In 1957 he started a free tabloid Tamperelainen (delivered to every household in Tampere), which was published by Lahtinen's own company called Lehtimiehet. Urpo Lahtinen's best-known publication was Hymy ("The Smile") magazine, which was launched in 1959 and was named after his wife Hymy Lahtinen, specializing in "human interest" type of journalism. In the 1960s and 1970s Hymy became a success with its sensationalist and scandal stories containing much celebrity sex and gossip, often verging on the invasion of privacy.

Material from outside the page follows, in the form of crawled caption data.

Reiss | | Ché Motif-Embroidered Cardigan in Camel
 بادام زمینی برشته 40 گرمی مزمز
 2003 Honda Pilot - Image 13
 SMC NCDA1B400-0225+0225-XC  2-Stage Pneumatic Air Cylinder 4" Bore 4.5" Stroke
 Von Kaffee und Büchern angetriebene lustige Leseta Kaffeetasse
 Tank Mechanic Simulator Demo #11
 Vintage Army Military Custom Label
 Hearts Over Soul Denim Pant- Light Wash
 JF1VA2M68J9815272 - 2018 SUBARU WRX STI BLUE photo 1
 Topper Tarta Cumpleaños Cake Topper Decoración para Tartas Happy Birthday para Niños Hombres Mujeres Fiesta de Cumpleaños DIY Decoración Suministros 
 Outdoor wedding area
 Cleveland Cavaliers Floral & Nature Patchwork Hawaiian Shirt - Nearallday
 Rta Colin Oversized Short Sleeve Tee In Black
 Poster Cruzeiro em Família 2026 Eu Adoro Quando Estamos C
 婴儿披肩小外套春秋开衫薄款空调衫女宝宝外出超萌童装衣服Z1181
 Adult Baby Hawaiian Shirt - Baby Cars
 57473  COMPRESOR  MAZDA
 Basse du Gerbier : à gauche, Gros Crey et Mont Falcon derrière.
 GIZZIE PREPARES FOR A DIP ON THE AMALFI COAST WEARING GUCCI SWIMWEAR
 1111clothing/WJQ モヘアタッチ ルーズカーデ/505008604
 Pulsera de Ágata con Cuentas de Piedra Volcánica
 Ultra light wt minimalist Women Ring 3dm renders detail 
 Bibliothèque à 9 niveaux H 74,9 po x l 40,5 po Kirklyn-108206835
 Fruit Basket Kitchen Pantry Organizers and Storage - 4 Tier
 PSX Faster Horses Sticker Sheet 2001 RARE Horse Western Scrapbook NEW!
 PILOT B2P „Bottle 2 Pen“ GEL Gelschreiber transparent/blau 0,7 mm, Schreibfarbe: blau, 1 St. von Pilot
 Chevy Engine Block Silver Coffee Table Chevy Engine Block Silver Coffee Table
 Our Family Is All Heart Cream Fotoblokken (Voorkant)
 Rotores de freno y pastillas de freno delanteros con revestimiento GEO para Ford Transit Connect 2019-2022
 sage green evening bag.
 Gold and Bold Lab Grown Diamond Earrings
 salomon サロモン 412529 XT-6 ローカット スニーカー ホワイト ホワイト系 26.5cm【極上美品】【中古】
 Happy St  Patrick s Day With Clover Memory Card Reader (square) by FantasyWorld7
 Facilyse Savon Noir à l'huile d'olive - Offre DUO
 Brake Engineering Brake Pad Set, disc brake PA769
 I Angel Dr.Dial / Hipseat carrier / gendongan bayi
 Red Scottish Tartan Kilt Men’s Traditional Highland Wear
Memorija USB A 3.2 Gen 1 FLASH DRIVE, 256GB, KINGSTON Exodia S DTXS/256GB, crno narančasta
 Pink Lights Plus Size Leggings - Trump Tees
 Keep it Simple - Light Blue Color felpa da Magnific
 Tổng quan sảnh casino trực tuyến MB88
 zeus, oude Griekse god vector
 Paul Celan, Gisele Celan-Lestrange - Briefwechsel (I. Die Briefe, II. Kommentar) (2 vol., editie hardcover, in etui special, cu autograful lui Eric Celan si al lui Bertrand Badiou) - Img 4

The most famous writer for Hymy was Veikko Ennala, and probably one of the most infamous Hymy stories was about the author Timo K. Mukka, which many thought was one of the main causes to the author's early demise soon afterwards. Lahtinen invested his huge profits in art, and in constructing his luxurious Villa Urpo in Siivikkala. The success also had its negative side on Urpo Lahtinen who became an alcoholic. Lahtinen's company Lehtimiehet was finally sold to Yhtyneet Kuvalehdet for hundreds of millions of Finnish Marks. When Urpo Lahtinen died in 1994 at the age of 63, a court case over his inheritance started between his son Jeppe Lahtinen, his ex-wife Hymy Lahtinen and his widow Maija-Liisa Lahtinen, continuing to this day.